_What needs to be done:_ Your copy should hold only the lines from the one holding "A gelatin zymogram" through the last line of the records below, both included, each exact and with no pictures.

++++ Data provided

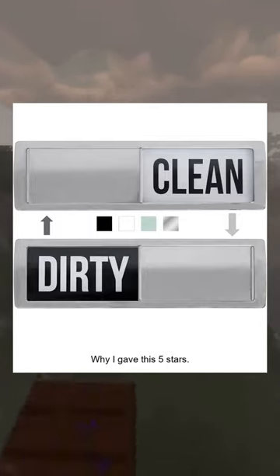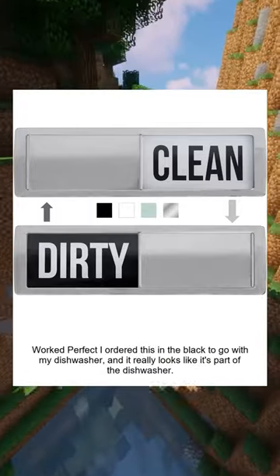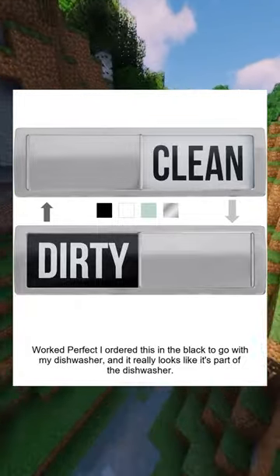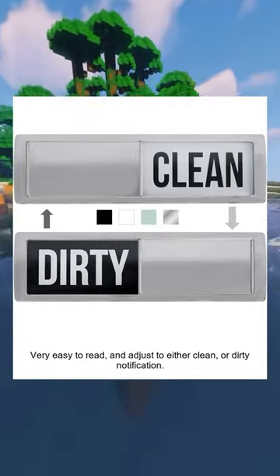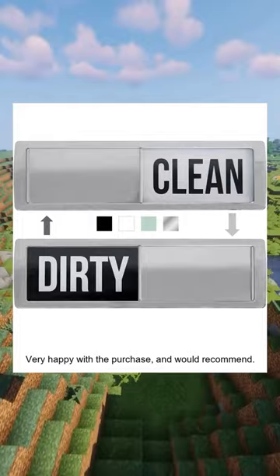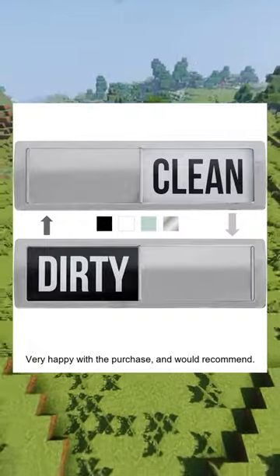Why I gave this five stars: it worked perfect. I ordered this in the black to go with my dishwasher, and it really looks like it's part of the dishwasher. Very easy to read and adjust to either clean or dirty. The notification magnet worked great on the dishwasher door. Very happy with the purchase and would recommend.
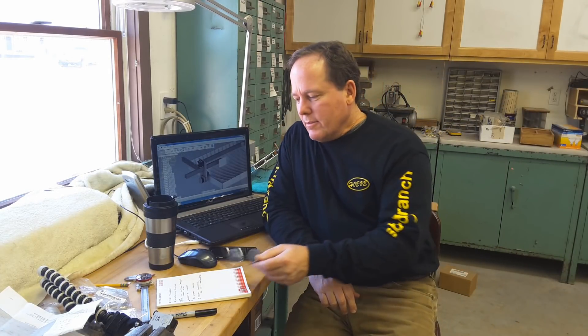Good morning, everybody. Welcome back to the shop. Well, it's been a long time coming, but I'm finally here shooting the intro for a series of videos on building a CNC plasma table.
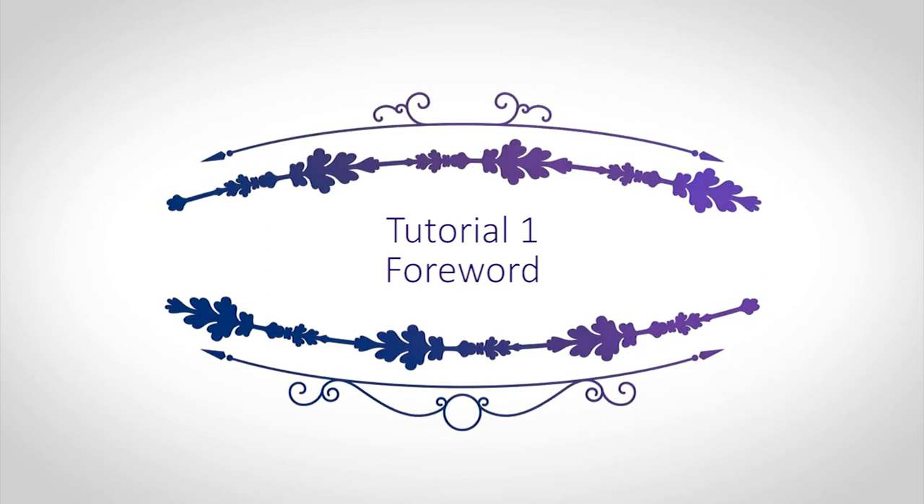Let's get started. Hello my dear colleagues, I am glad to welcome you to this new tutorial dedicated to a skirt which has lately been a trending topic in the online sewing community.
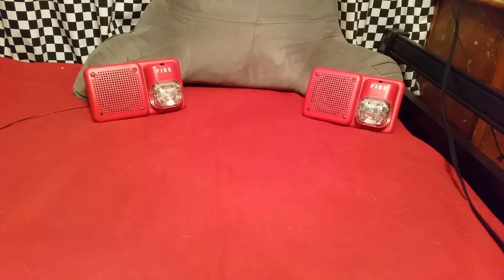All right. Now we'll go to some tones. First up, we'll start with the Notifier-style slow whoop. And then the Notifier temporal whoop. Sorry about the air conditioner kicking in — it's really hot outside right now.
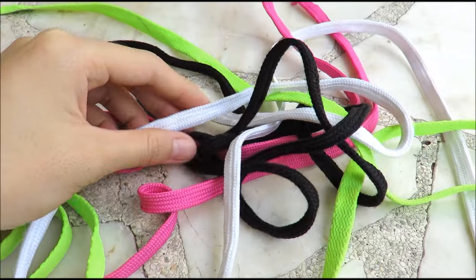Alright, so for the materials, you need your old shoelaces and, of course, your magical hands. So, let's begin.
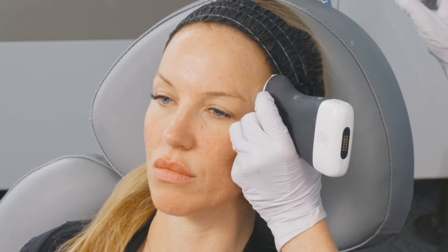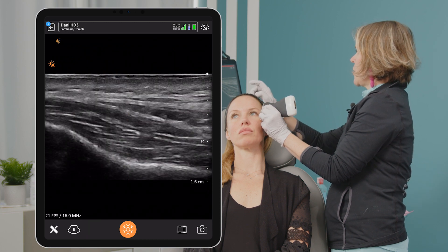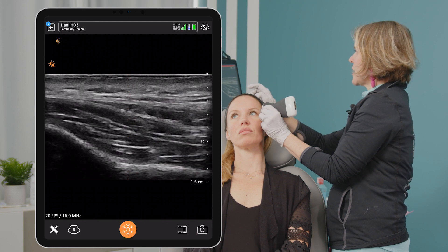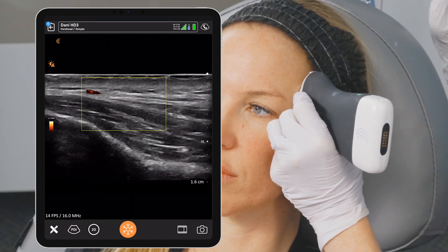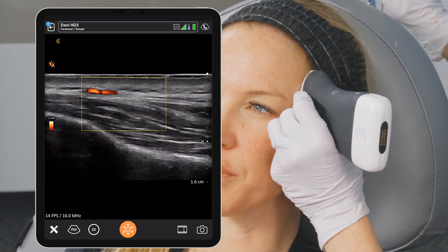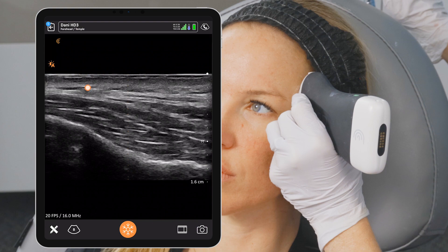I'm going to quickly show you: with my probe on, we're going to see that this artery is visible on Doppler, and then we're going to go back to B-mode where we can still visualize that layer and see that little tiny pulsation in that same layer. I'm putting it back to power Doppler just so you can see — here's the artery on Doppler — and now back on B-mode, we still see it.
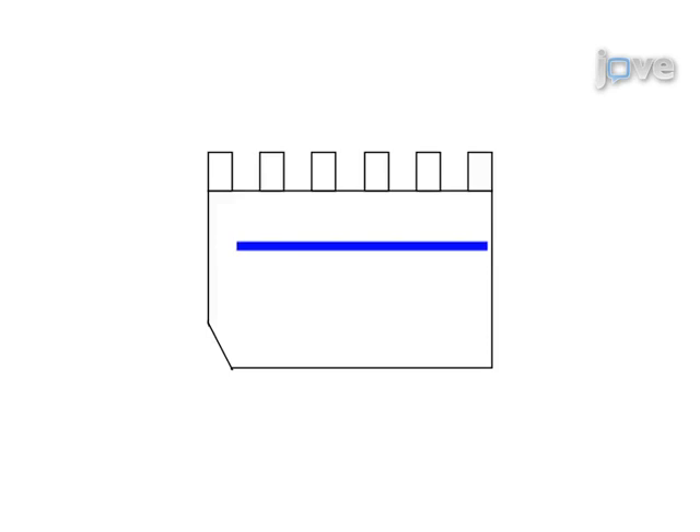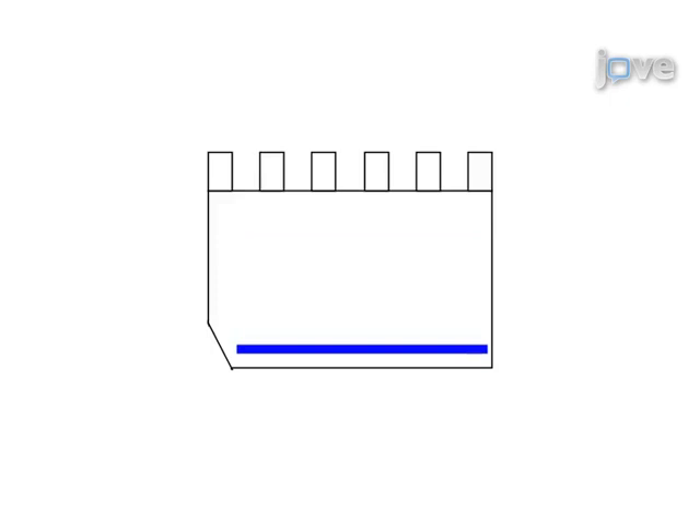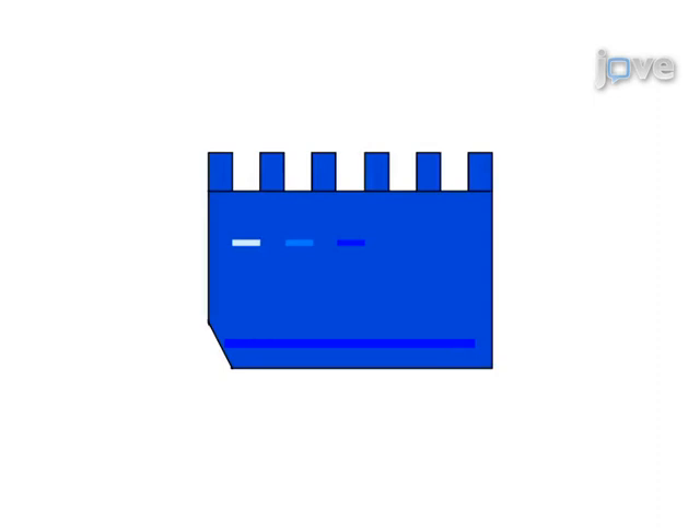A gelatin zymogram gel is then loaded with the sample and allowed to run until the tracking dye reaches the end of the gel. Following electrophoresis, the gel is re-natured, developed, stained, and de-stained. The final step of the procedure is to scan the gel for data analysis.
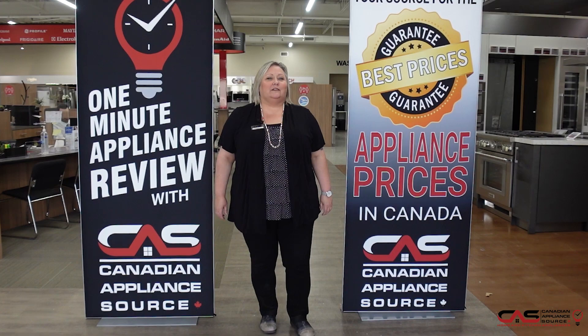Don't forget — make sure you mention you saw me on One Minute Info for my VIP price on all appliances and even extended warranties.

++++++++

_Solution to this task:_
A gelatin zymogram gel is then loaded with the sample and allowed to run until the tracking dye reaches the end of the gel. Following electrophoresis, the gel is re-natured, developed, stained, and de-stained. The final step of the procedure is to scan the gel for data analysis.
Don't forget — make sure you mention you saw me on One Minute Info for my VIP price on all appliances and even extended warranties.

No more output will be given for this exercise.